Unter dem Druck der Umstände reden Martha und Kurt zum erstenmal offen miteinander. Kurt will das ewige Ja-Sagen wie ein „Unkraut“ aus sich herausreißen, er geht zur Polizei, zeigt sich und seinen Chef an, und

entdeckt die Kraft der Solidarität in den Gewerkschaften, für die er vorher kein Interesse zeigte. „Die Gewerkschaft sind viele“, ist der optimistische Schlußsatz dieses „kritischen Volksstücks“, das Kroetz in seiner heißen DKP -Phase 1974 geschrieben hat. Es ist dennoch kein plattes Agitationsstück.

Aber Regisseur Rainer Steinkamp hat auf der viel zu kleinen Bühne des „Kleinen Hauses“ kaum Platz, um ein sinnvolles Inszenierungskonzept zu realisieren. Kroetz‘ Stück besteht aus kurzen Sequenzen, gespielt an verschiedenen Orten, deren Elemente alle zugleich und möglichst naturalistisch auf die Bühne gebracht sind.
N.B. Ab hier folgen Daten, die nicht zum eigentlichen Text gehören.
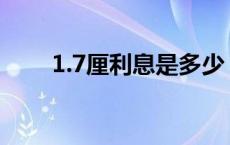 1.7厘利息是多少（7厘利息是多少）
So ist der Raum vollgestopft mit Möbeln und Podesten, zwischen denen die Darsteller mit einiger Mühe von Szene zu Szene wechseln. Der blanke Naturalismus wird bis in die Details beschrieben. Aber zwischen den Geräuschen des Alltags gehen nicht nur die Sprachmuster der ohnmächtigen Kommunikation verloren, schlimmer: Die Dialoge verlieren ihre Zwischentöne, und was sich beim Publikum einstellt, ist nicht Einfühlung und Erbarmen, sondern Gelächter über die Tölpel auf der Bühne. Sollten die Zuschauer über ihr

vorschnelles Lachen stolpern? Dann hätte Steinkamp den melodramatisch aufgeladenen Wendepunkt des Stücks sorgfältig ausspielen müssen.

Stattdessen läßt er Peter Singer (als Kurt) en passant ins Wasser steigen, das Reinigungs-Ritual des Vaters für den Sohn wird weg-und plattgespielt. In der jungen Schauspielerin Hildegard Schroedter steht Steinkamp eine überzeugende Kroetz-Darstellerin zur Verfügung. Wie sie spielen kann, zeigt sie in wenigen Augenblicken, wenn sie nicht neben Kurt stehen, sitzen oder in seinen Armen liegen muß. Aber neben dem blassen, überzogen gestikulierenden Singer und in dieser ungefähren Inszenierung haben ihr differenziertes Spiel, ihre verhaltene, genaue Mimik kaum eine Chance, sich durchzusetzen. Die ermüdenden pausenlosen Auf-und Abgänge zwischen den kurzen Szenen taten ein Übriges, um diesem „Nest“ den Reiz zu nehmen. Kroetz zu spielen, gerade in Bremerhaven, ist eine gute Idee. Aber warum so viel Angst vor seiner Wirkung haben, daß man dieser Mischung aus trivialem Rührstück und Passionsgeschichte alle theatrale Wirkung nimmt?